(Beginning of Exercise data)

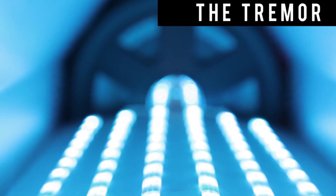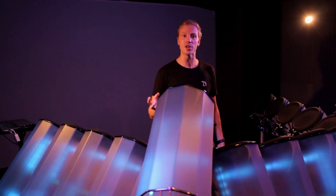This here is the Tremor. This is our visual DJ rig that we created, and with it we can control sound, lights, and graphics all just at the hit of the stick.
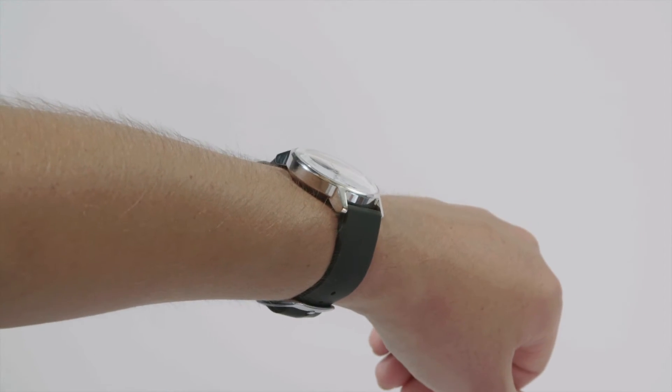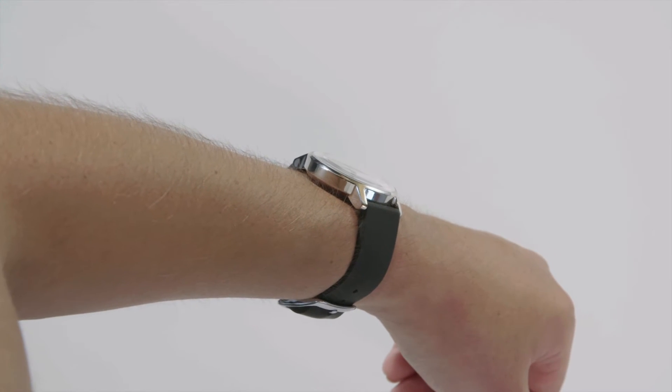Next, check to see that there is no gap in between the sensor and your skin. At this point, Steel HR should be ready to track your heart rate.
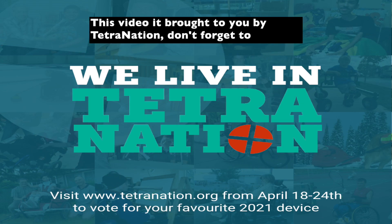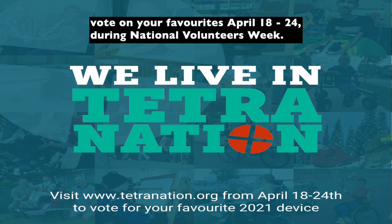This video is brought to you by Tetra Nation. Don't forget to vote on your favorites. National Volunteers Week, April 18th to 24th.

(End of Exercise data)

Exclude the pictures, and transcribe all of the material exactly.

### Solution to this task:
This here is the Tremor. This is our visual DJ rig that we created, and with it we can control sound, lights, and graphics all just at the hit of the stick.
Next, check to see that there is no gap in between the sensor and your skin. At this point, Steel HR should be ready to track your heart rate.
This video is brought to you by Tetra Nation. Don't forget to vote on your favorites. National Volunteers Week, April 18th to 24th.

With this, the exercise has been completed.